CAMP LEJEUNE, N.C. – It all started with a note and a piece of candy taped to a barracks room door. The note read, “Pay it forward,” and told the reader to contact the person who put it there if they ever needed anything. It was a small token of kindness with a huge meaning behind it: to do things for other people.

Marine Corps Cpl. Andrew Y. Zheng, a saxophone player with the 2nd Marine Division Band and a St. Louis native, is the man behind this message.

Zheng went around to 500 barracks rooms and gave candy to all of the Marines who were staying at the barracks instead of leaving for the Fourth of July weekend. “On July 4th, I just thought I would do something nice for people, hoping that I raised their spirits to want to do something for other people as well,” he said.

Zheng called this concept “pay it forward.”

“That’s just a concept that I learned in high school -- that when you do a good thing for somebody, they do good things for other people,” he explained. He compared the concept to a chain reaction.

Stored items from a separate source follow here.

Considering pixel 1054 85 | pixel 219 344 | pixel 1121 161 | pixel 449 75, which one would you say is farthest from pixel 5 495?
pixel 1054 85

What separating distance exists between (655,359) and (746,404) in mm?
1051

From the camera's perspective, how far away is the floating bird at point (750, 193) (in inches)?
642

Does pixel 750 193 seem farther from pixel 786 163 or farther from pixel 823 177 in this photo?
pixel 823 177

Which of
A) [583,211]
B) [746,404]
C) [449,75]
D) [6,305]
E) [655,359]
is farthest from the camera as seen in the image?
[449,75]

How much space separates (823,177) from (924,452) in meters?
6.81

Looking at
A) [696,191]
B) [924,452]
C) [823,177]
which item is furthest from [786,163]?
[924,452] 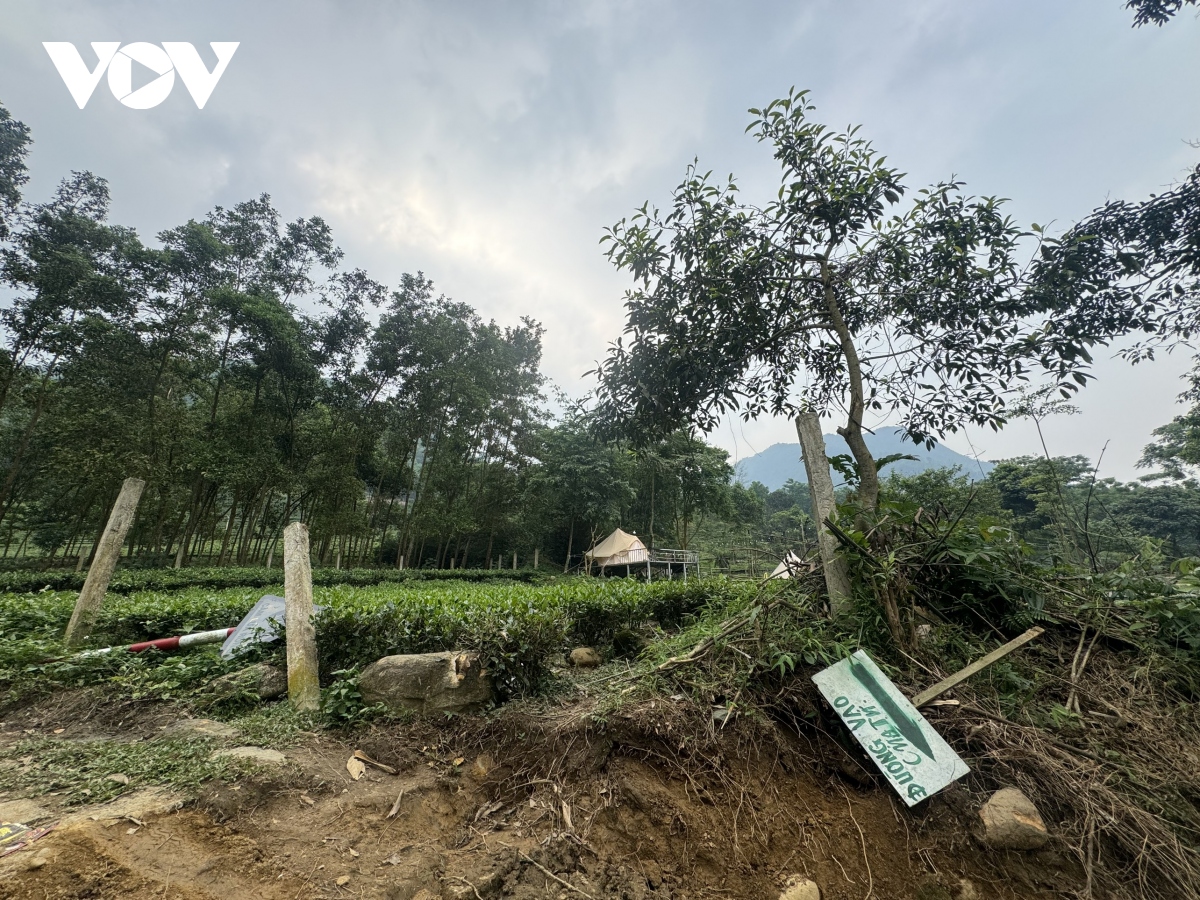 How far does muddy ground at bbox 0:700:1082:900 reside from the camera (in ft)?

“A lot of people want to do good stuff, but until somebody comes to them and really helps them, or shows them that people really are doing good stuff, they won’t,” he said. “I’m just trying to initiate that spark.”

Zheng said he has been doing volunteer work since high school, and it has carried him throughout his Marine Corps career.

“In order to get used to this area, I did a lot of volunteering through the Single Marine Program to try to network with people and find what kind of volunteer work I enjoy doing,” he said. “From there, I started focusing on volunteer work with United Way.”

Marine Corps Cpl. Evan Laderer -- also a saxophone player with the 2nd Marine Division Band, is Zheng’s roommate and a Slippery Rock, Pa. native -- has known Zheng for about two years. He said Zheng definitely cares about the Marines in the unit, and that he finds satisfaction and fulfillment in volunteering.

“In the time that I’ve known Andrew, he has probably put in anywhere from 200 to 300 hours of volunteer service,” Laderer said. “He volunteers for one thing, and just goes strong. He communicates with those individuals that need that help and gives as much time as he can to volunteering.”

Zheng said he doesn’t volunteer just for his own satisfaction; he hopes he is setting an example.

“I’m helping to show my peers and subordinates what more they can achieve and aspire to be,” he said. “They can find fulfillment and a sense of honor in what they do and who they are by contributing to the community.”

Zheng said he tries to model himself after his life-mentor, who initiated the service spark for him when he was a boy.

“I’d say I do what I do because of my life-mentor,” he said. “Since I was 6 years old, I had this private teacher who basically inspired me to become like him. He went around the community in bad neighborhoods and showed them what more they can do in their lives, and where they can get to if they just put in a little bit of effort.”

Laderer said Zheng’s volunteer work really matters to his fellow Marines and people in the community.

“It’s definitely making a big difference to the Marines that he helps,” he said. “It brightens their day, and that’s mission accomplishment, I would say.”

Zheng said his volunteer work won’t end after he leaves the Marine Corps.

“My future goal is to open up a community center,” he added. “Everything I do, whether it is volunteer service or something else, is in preparation to create the best atmosphere and center that I can.”

Zheng offered some advice for those he hopes to inspire.

“Live your life as if someone were narrating it ... and ask yourself if you would be proud about what they said.”